[Available records — start]

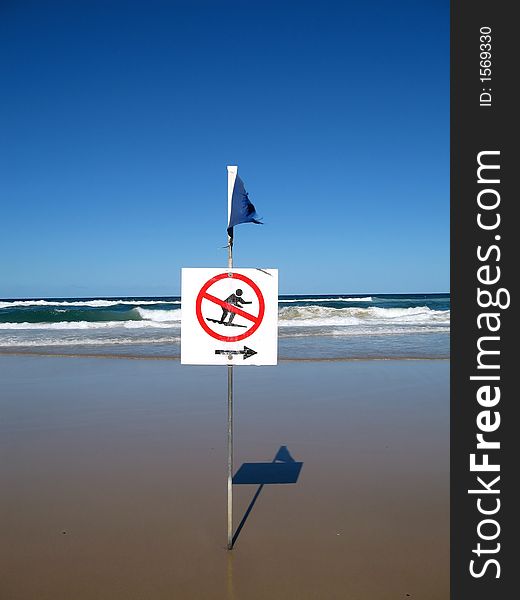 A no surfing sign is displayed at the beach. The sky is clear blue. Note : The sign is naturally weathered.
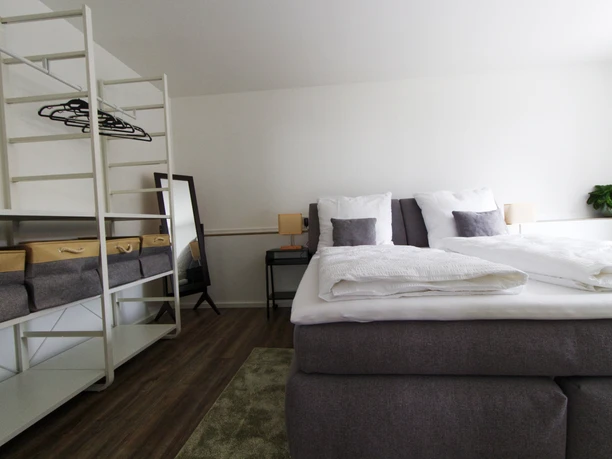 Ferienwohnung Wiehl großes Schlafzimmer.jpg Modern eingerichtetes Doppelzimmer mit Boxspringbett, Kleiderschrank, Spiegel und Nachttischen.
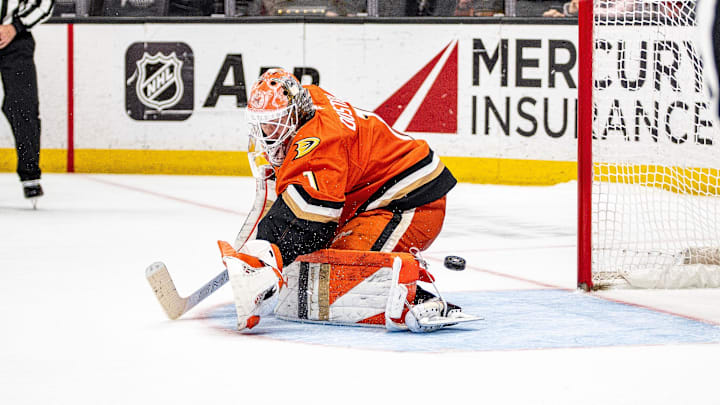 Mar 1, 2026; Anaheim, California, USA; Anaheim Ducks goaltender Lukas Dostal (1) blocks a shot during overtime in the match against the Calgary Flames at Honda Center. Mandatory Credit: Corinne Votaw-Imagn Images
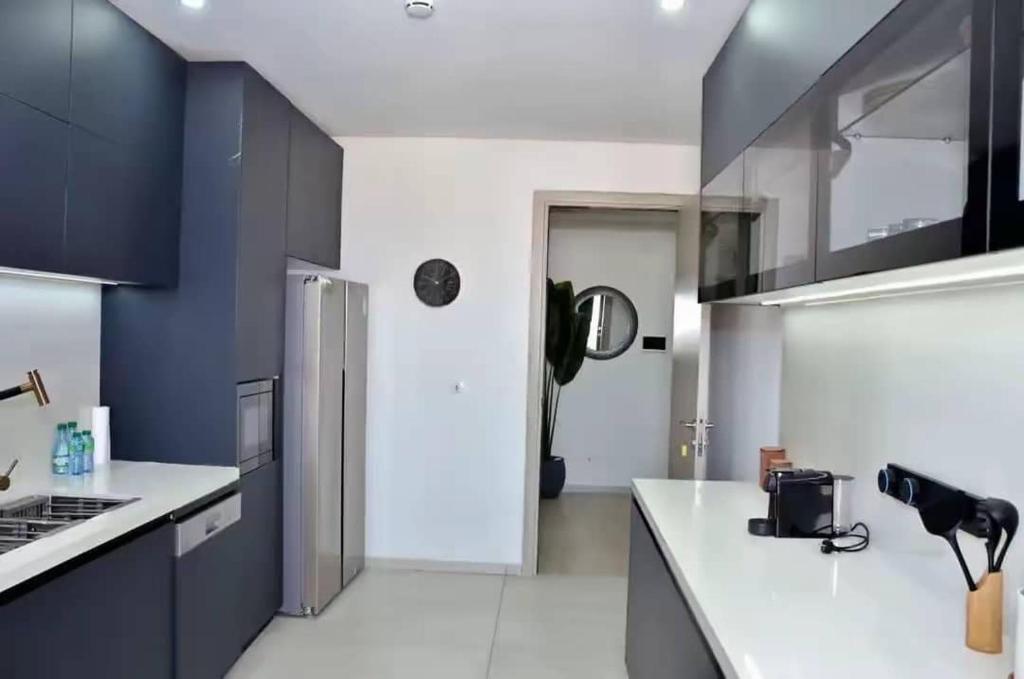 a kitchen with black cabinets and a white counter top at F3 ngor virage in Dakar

[Available records — finish]
[Available records — start]

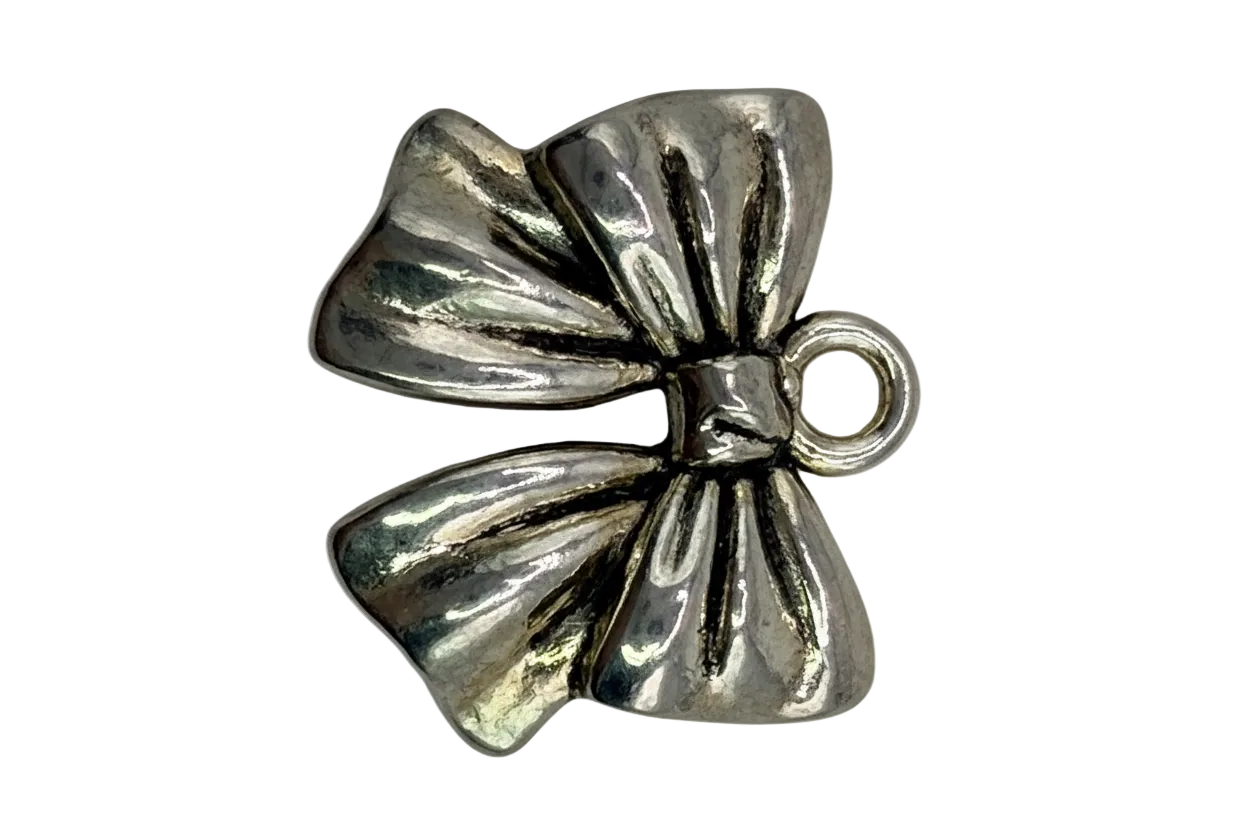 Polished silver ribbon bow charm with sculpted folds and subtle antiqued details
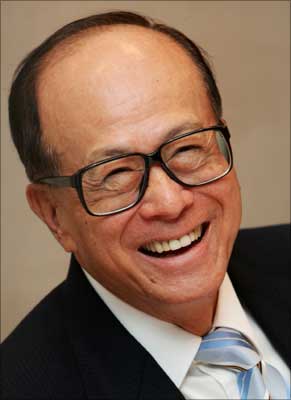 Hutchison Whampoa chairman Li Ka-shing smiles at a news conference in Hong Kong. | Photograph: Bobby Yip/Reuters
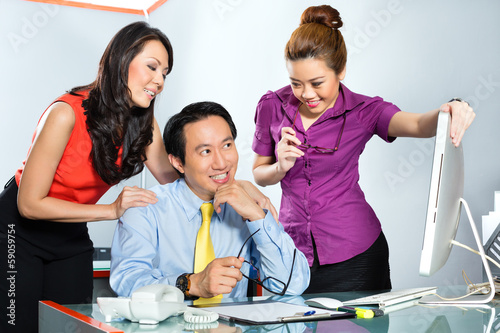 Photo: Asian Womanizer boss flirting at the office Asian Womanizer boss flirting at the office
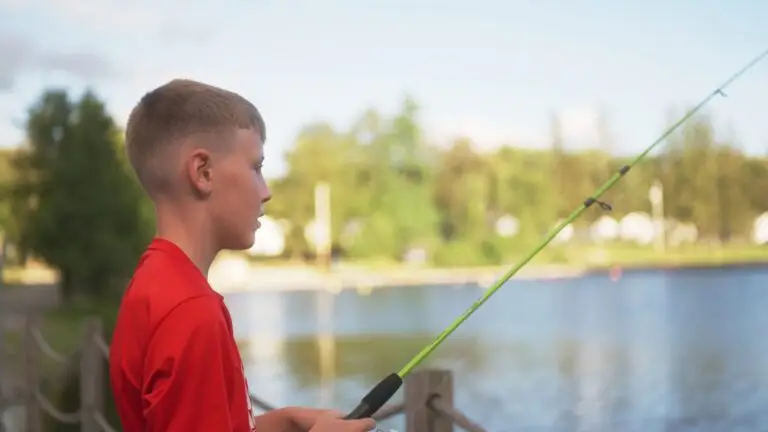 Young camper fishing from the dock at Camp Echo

[Available records — finish]

§ Work item: What's needed is an exact copy of the records above from the line containing "A no surfing" down to the line containing "Ferienwohnung Wiehl großes", both included, without any pictures.

§ Your response:
 A no surfing sign is displayed at the beach. The sky is clear blue. Note : The sign is naturally weathered.
 Ferienwohnung Wiehl großes Schlafzimmer.jpg Modern eingerichtetes Doppelzimmer mit Boxspringbett, Kleiderschrank, Spiegel und Nachttischen.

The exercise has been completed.